>Education is the acquisition of the art of the utilisation of knowledge.
>In training a child to activity of thought, we must beware of what I will call "inert ideas" -- that is to say, ideas that are merely received into the mind without being utilised, or tested, or thrown into fresh combinations. Culture is activity of thought, and receptiveness of beauty and humane feeling. Scraps of information have nothing to do with it.
>By utilising an idea, I mean relating it to that stream, compounded of sense perceptions, feelings, hopes, desires, and of mental activities adjusting thought to thought, which forms our life. .
>Let the main ideas which are introduced into a child's education be few and important, and let them be thrown into every combination possible. The child should make them his own, and should understand their application here and now in the circumstances of his actual life.

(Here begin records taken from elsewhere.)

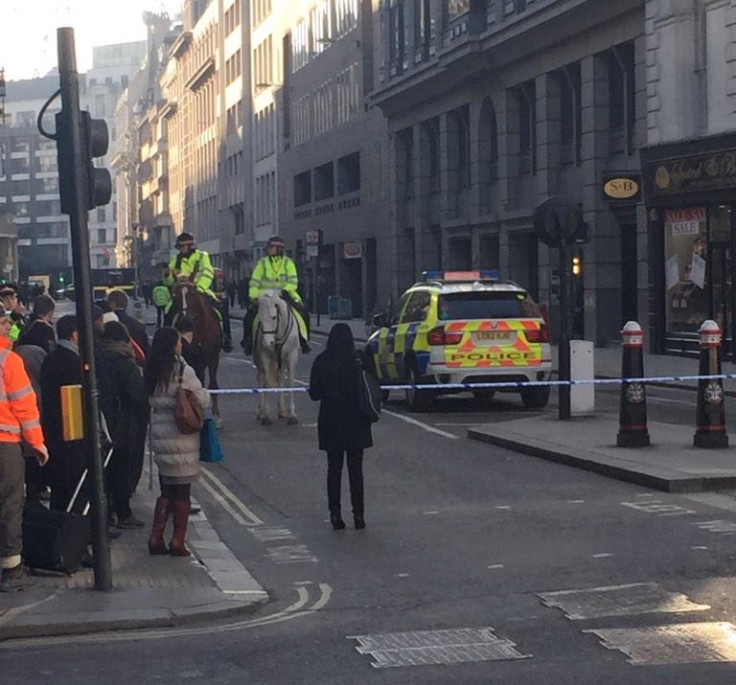 Moorgate security alert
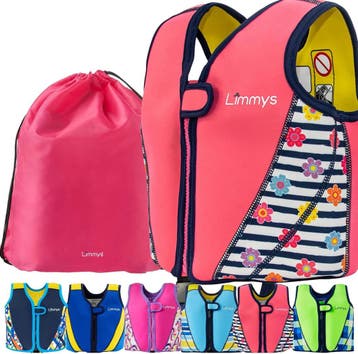 Zwemvest Limmys Roze 50kg - Retour deal, pak die -40%!, Watersport en Boten, Watersportkleding, Kind, Verzenden, Zo goed als nieuw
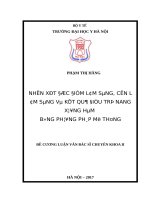 NHẬN xét đặc điểm lâm SÀNG, cận lâm SÀNG và kết QUẢ điều TRỊ NANG XƯƠNG hàm BẰNG PHƯƠNG PHÁP mở THÔNG 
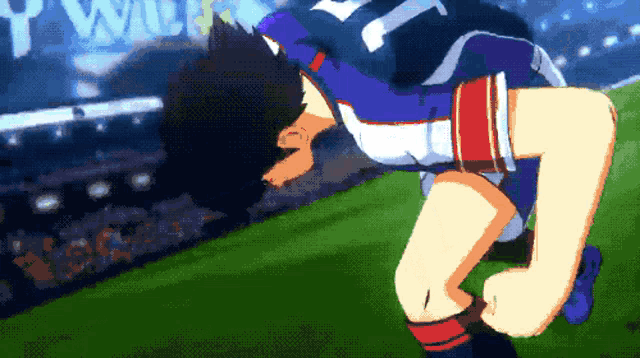 a pixel art drawing of a soccer player with the number 7 on his jersey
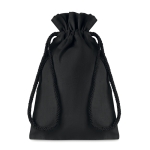 Sac cadeau en coton noir 105 g/m2 Night Boutique Small couleur noir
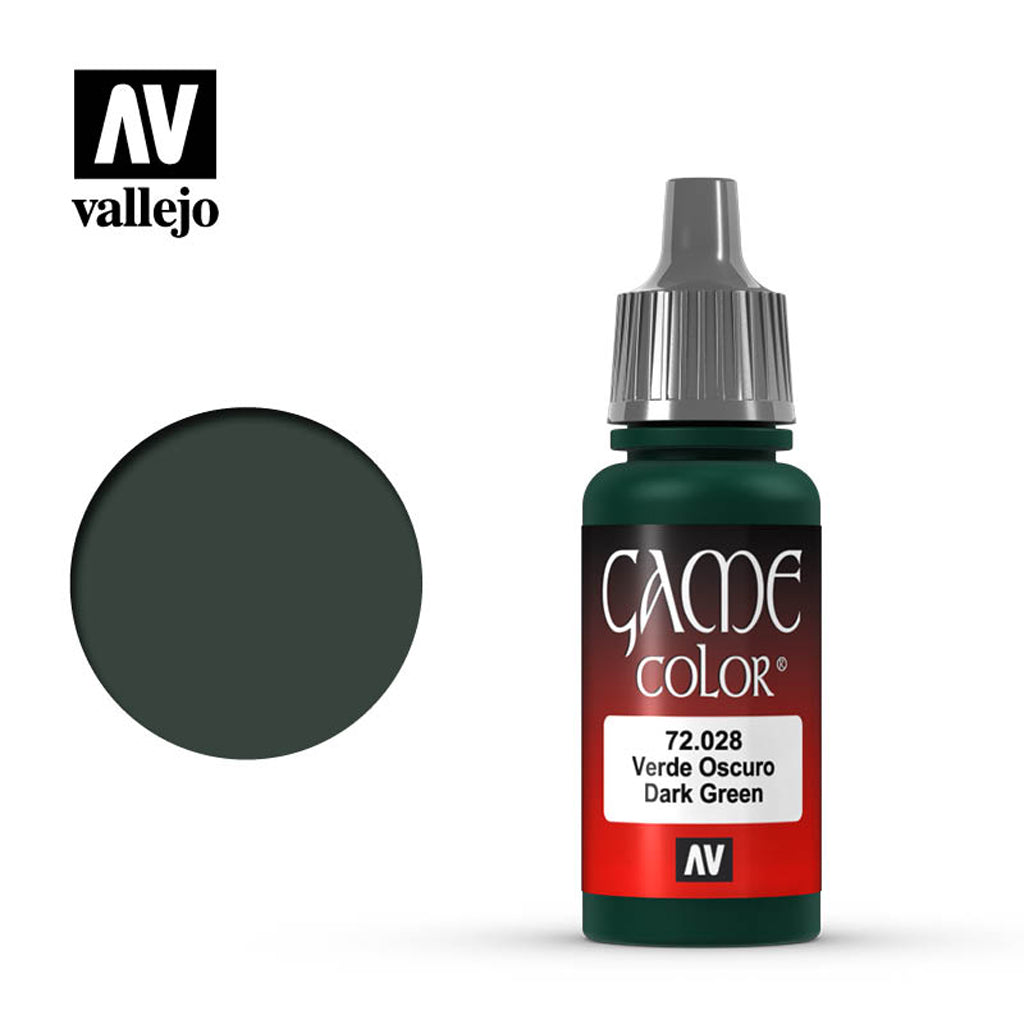 Vallejo Game Colour - Dark Green 72028 17 ml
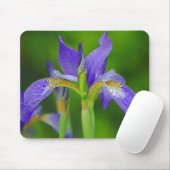 Iris Blue Blume Mousepad (Mit Mouse)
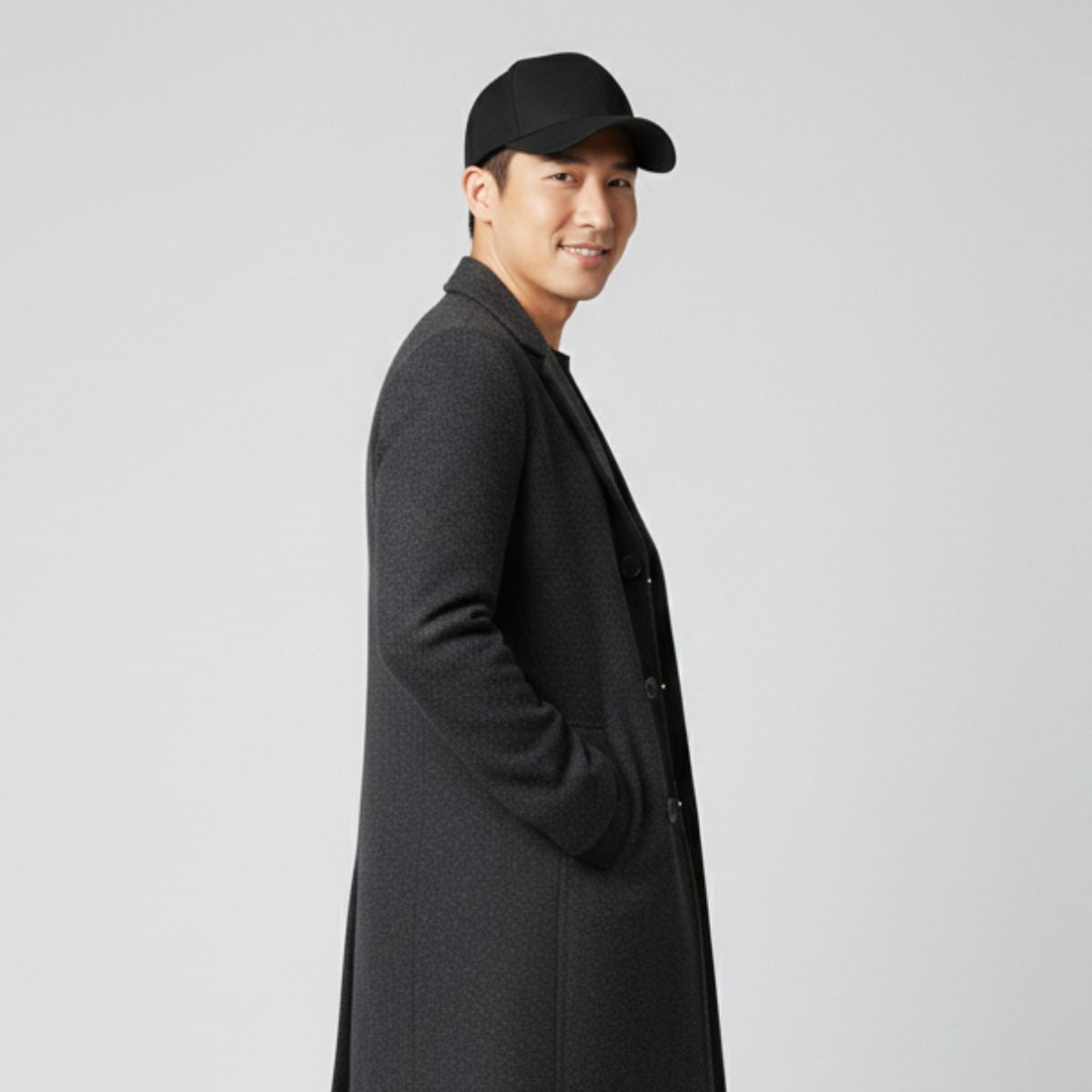 Casquette Baseball Noir Homme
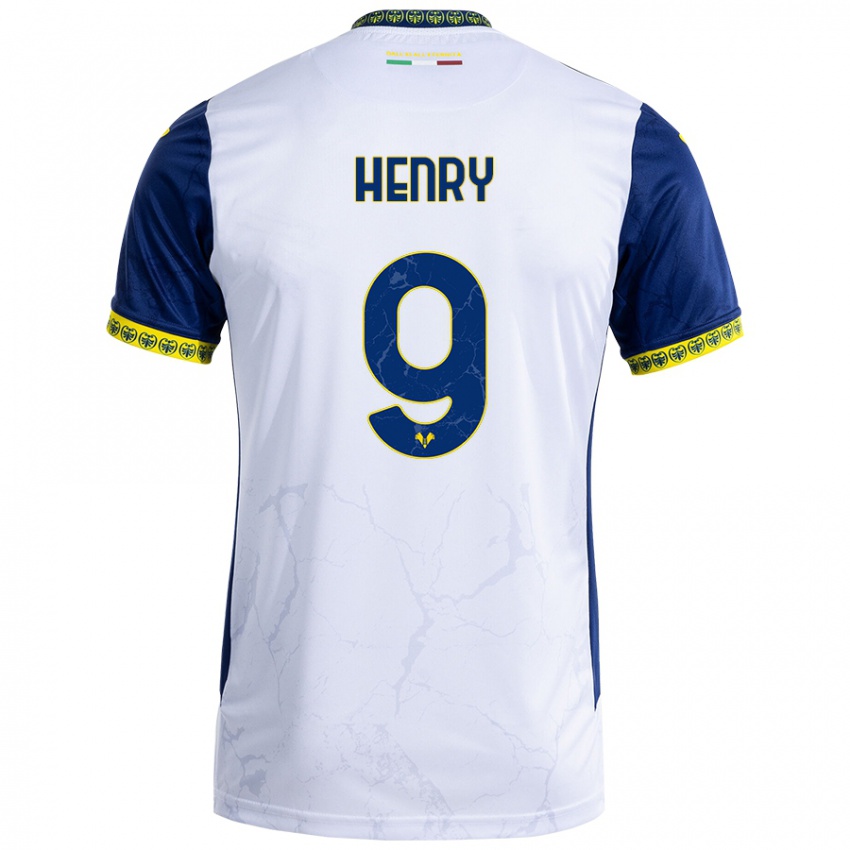 Herren Thomas Henry #9 Weiß Blau Auswärtstrikot Trikot 2024/25 T-Shirt Schweiz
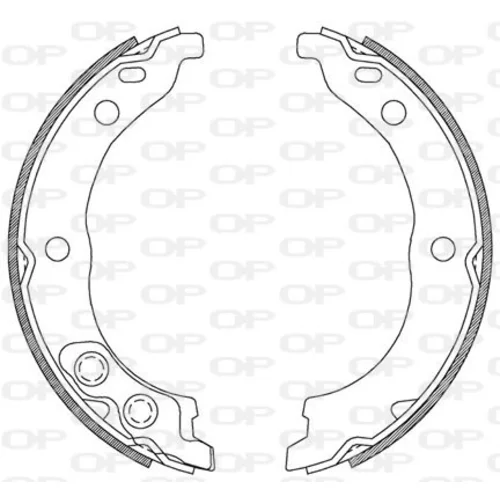 Sada brzdových čeľustí OPEN PARTS BSA2206.00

>The solution which I am urging, is to eradicate the fatal disconnection of subjects which kills the vitality of our modern curriculum.
>..no course of study can claim any position of ideal completeness. Nor are the omitted factors of subordinate importance. The insistence in the Platonic culture on disinterested intellectual appreciation is a psychological error. Action and our implication in the transition of events amid the inevitable bond of cause to effect are fundamental. An education which strives to divorce intellectual or aesthetic life from these fundamental facts carries with it the decadence of civilisation.
>Disinterested scientific curiosity is a passion for an ordered intellectual vision of the connection of events. But the … intervention of action even in abstract science is often overlooked. No man of science wants merely to know. He does not discover in order to know, he knows in order to discover. The pleasure which art and sciences can give to toil is the enjoyment which arises from successfully directed intention. (Whitehead)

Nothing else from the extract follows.